* What you will do *
An exact copy of the records is needed; please leave the images out.

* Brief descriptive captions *
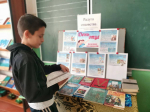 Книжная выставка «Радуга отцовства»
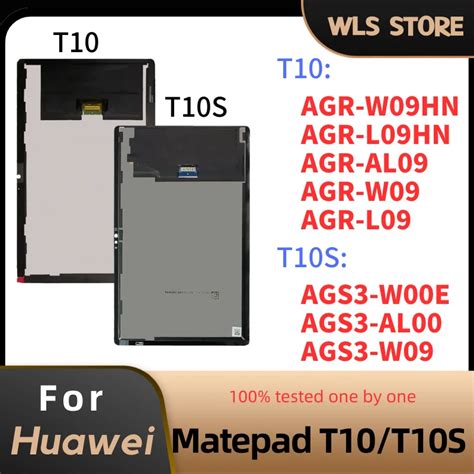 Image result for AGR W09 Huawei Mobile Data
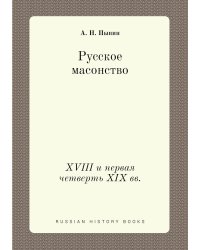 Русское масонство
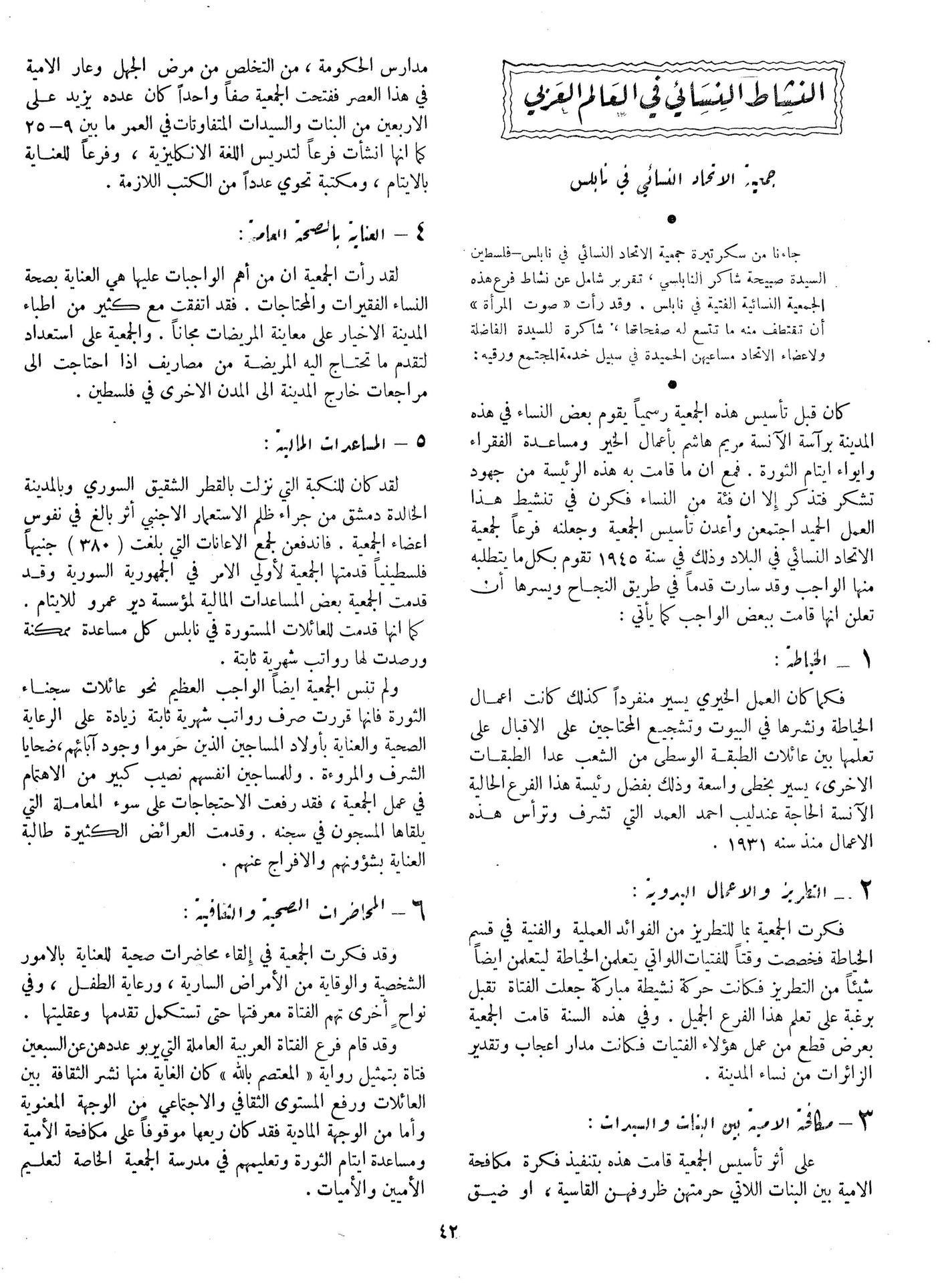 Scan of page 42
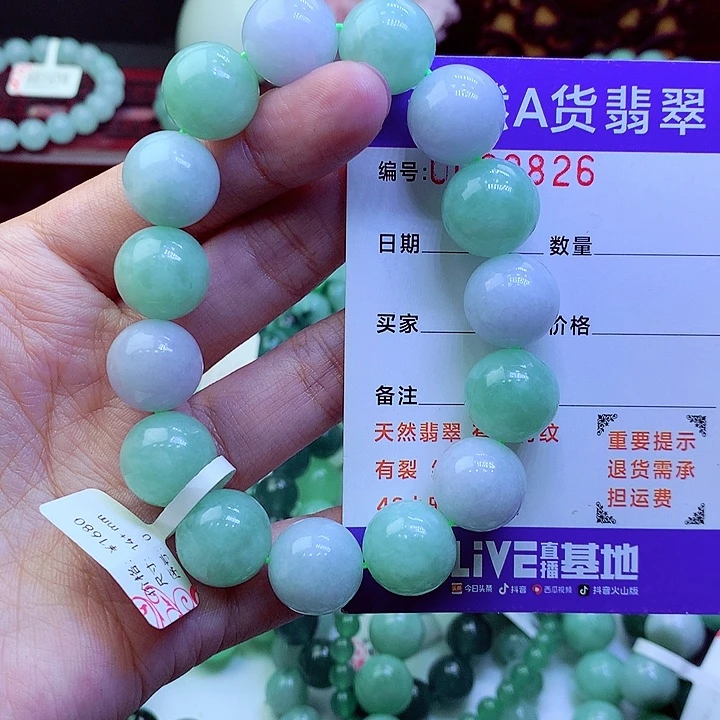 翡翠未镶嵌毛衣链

* Output of the exercise *
 Книжная выставка «Радуга отцовства»
 Image result for AGR W09 Huawei Mobile Data
 Русское масонство
 Scan of page 42
 翡翠未镶嵌毛衣链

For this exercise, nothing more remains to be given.